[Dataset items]
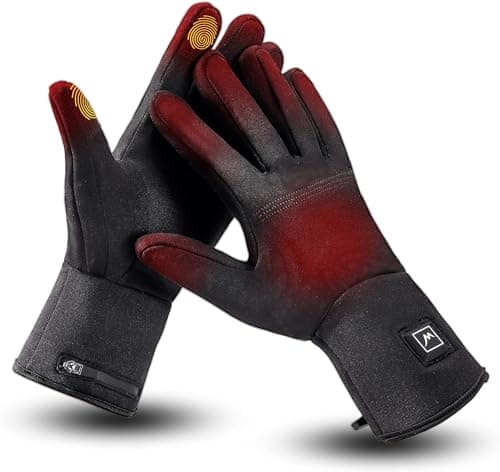 Heated Glove Liners for Men Women, Rechargeable Battery Electric Heated Gloves, Winter Warm Glove Liners for Arthritis Raynaud, Thin Gloves Riding Ski Snowboarding Hiking Cycling - Image 1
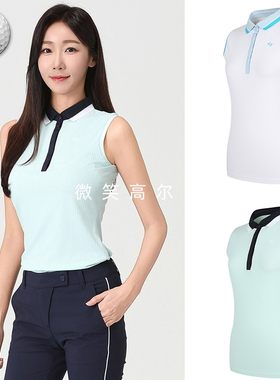 特价2025夏新款韩国代购ELLE修身开叉高尔夫球服女士无袖T恤GOLF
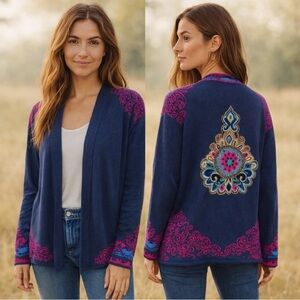 IVKO Embroidered Cardigan Navy Multicolor Boho Knit EU 40 Medium
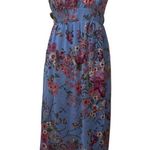WAYF  Botanical Flyaway Cornflower Blue Floral Women’s Sleeveless Maxi Dress Lrg Photo 1
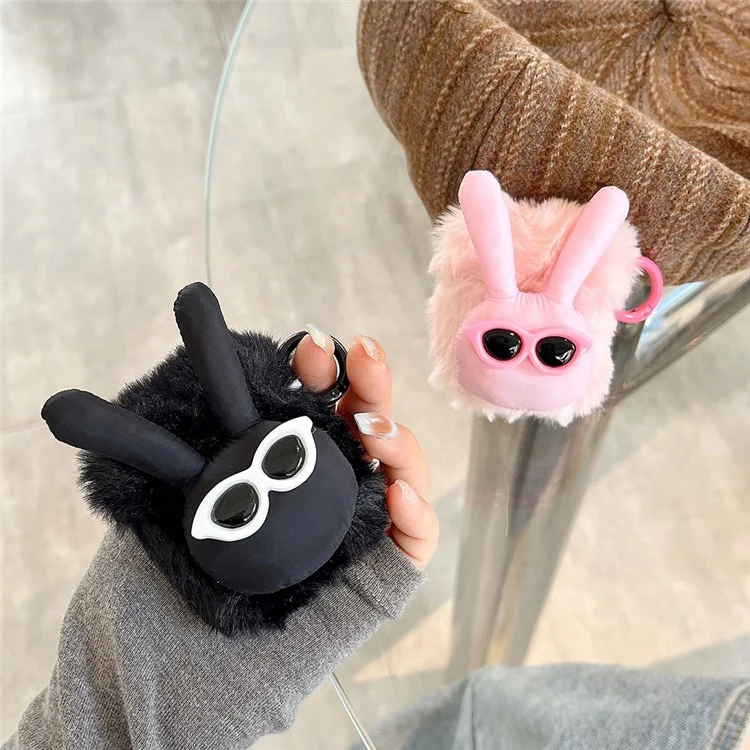 Plüschgehäuse für AirPods mit Ladehülle (2016) / (2019) / AirPods mit Wireless Charging Case (2019) Flauschiger Hasen-Kopfhörercover - Schwarz
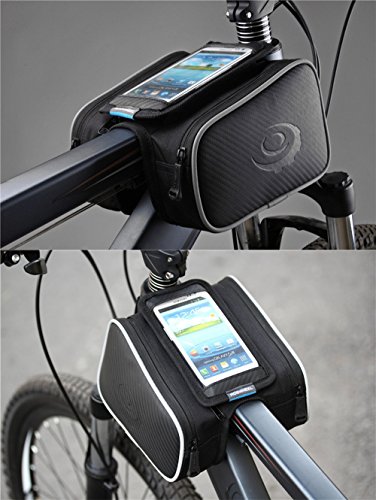 Bicycle Handlebar Phone Bag - Bilateral Bundle Waterproof Bike Storage Bag Saddle Bag on The Front Beam Mobile Phone Holder ≤ 5.7" Screen By Kolodo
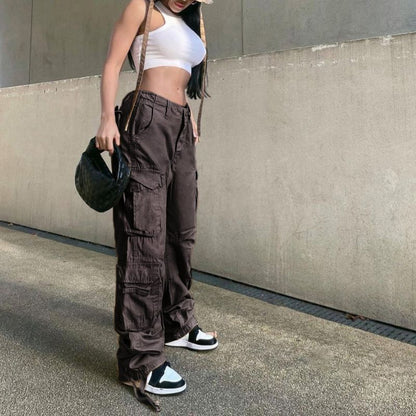 Vintage Wide Leg Cargo Pants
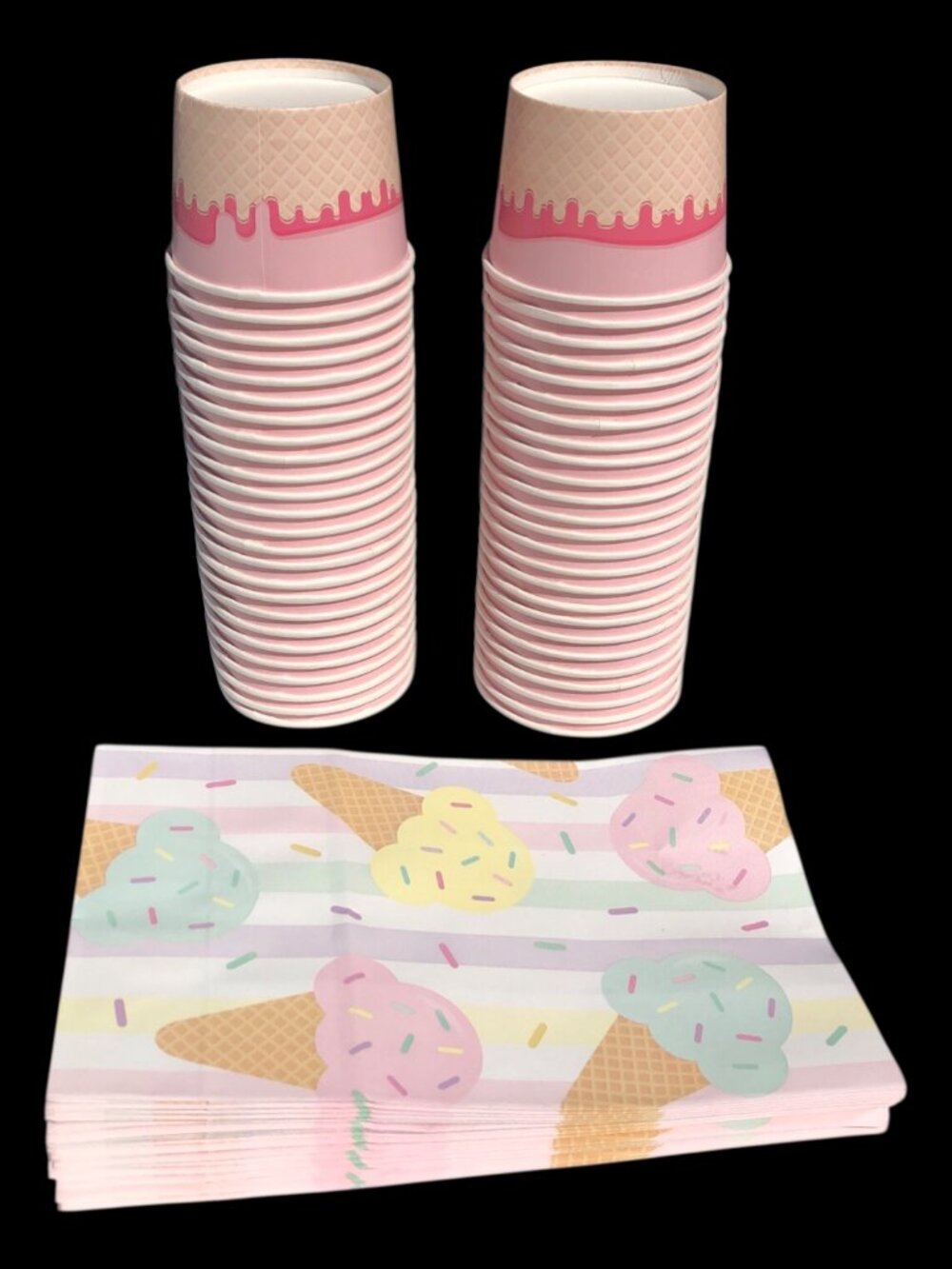 70pcs Ice Cream Theme Set - 50 8oz Cups & 20 Treat Bags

**Exercise**
Would you write out exactly the lines above, starting at the line containing "特价2025夏新款韩国代购ELLE修身开叉高尔夫球服女士无袖T恤GOLF" and stopping after the line containing "Plüschgehäuse für AirPods"? Omit the pictures.

**Task answer**
 特价2025夏新款韩国代购ELLE修身开叉高尔夫球服女士无袖T恤GOLF
 IVKO Embroidered Cardigan Navy Multicolor Boho Knit EU 40 Medium
WAYF  Botanical Flyaway Cornflower Blue Floral Women’s Sleeveless Maxi Dress Lrg Photo 1
 Plüschgehäuse für AirPods mit Ladehülle (2016) / (2019) / AirPods mit Wireless Charging Case (2019) Flauschiger Hasen-Kopfhörercover - Schwarz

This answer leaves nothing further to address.